Et pourtant que seraient les camps sans aide humanitaire internationale ? Et qu’adviendrait-il de ces 170000 hommes dont une bonne partie a moins de 5 ans, privé de nourriture où de soutien hydraulique ? Qu’adviendrait-il également du « dossier sahraoui » et de la RASD sans ce statut de réfugié lui permettant bon gré mal gré de poursuivre la lutte vers l’indépendance ?

Si l’entraide humanitaire n’est évidemment pas une solution « durable » à la résolution de ce conflit, il permet cependant la survie de ce peuple réfugié dans un territoire particulièrement hostile à l’homme, et ce depuis plus de 30 ans. L’humanitaire du XXIe siècle laisse à penser… Les Sahraouis traversent actuellement une crise alimentaire. Les stocks de sécurité sont vides et la population manifeste lors de la venue des délégations notamment européennes en réclamant une aide alimentaire régulière. Les gens ont faim, les enfants manquent de vitamines et de produits laitiers, les femmes souffrent d’anémie… Les liens bilatéraux unissant les campements à différentes villes espagnoles, italiennes et françaises, pallient pour un temps au retard de l’aide du PAM, mais jusqu’à quand ? La résolution du « problème sahraoui » est politique, l’humanitaire n’est qu’un pansement sur une plaie infectée.

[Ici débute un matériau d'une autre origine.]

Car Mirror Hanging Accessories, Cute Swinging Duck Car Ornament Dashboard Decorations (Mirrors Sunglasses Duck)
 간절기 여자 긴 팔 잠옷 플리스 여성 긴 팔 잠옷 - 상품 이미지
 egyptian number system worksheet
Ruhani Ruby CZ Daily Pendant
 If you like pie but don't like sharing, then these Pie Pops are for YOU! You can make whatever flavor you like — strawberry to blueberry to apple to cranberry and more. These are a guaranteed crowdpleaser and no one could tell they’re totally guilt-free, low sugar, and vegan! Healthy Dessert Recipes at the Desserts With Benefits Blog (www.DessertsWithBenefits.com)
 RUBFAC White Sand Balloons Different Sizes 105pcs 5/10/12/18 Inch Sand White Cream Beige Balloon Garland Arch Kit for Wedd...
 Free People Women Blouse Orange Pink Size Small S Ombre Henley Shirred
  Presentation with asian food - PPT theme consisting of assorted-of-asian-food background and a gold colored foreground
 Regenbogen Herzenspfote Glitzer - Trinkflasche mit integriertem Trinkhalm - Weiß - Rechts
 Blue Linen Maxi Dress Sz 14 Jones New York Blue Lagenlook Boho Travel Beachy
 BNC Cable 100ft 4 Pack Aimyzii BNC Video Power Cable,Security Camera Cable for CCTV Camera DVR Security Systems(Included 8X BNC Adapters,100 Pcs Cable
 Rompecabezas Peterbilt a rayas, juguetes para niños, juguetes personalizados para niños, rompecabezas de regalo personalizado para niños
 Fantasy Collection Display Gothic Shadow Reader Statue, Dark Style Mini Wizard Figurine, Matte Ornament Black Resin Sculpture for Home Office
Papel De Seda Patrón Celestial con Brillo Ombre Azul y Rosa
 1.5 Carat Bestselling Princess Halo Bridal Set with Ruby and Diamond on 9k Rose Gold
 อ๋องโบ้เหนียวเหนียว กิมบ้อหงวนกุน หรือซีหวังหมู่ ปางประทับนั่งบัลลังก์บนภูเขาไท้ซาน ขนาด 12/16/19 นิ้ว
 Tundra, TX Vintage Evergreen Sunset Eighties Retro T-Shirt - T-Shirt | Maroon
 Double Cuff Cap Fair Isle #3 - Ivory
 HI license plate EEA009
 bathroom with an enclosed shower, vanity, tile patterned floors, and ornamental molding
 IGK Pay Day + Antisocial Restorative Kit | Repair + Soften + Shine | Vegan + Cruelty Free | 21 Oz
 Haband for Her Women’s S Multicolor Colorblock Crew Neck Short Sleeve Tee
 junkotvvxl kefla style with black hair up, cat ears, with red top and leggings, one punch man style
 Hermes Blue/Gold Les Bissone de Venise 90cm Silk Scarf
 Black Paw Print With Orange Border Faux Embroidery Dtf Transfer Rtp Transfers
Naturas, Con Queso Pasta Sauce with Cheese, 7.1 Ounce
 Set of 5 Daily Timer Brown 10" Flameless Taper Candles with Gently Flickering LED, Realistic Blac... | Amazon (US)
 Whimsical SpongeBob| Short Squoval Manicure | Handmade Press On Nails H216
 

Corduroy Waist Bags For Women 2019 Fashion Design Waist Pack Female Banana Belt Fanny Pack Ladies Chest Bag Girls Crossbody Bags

Qu’attend la communauté internationale pour agir ? Une réponse pourrait venir de la France. Jusqu’à juin 2005, la France soute- nait ouvertement les positions marocaines sur le dossier du Sahara occidental. La France est en effet le premier partenaire commercial du Maroc avec un volume d’échange de 5,3 milliards d’euros. En février dernier, le ministère des affaires étrangères sahraoui a fait appel au futur président français pour défendre le dossier sahraoui et faire pression sur le Maroc.

À l’heure où nos candidats se pressent derrière les caméras, nous, citoyens chanceux d’une république prospère, devrions prendre le temps de la réflexion sur l’impact des décisions présidentielles à l’étranger, et surtout, prendre enfin la mesure du rôle que joue la France en Afrique.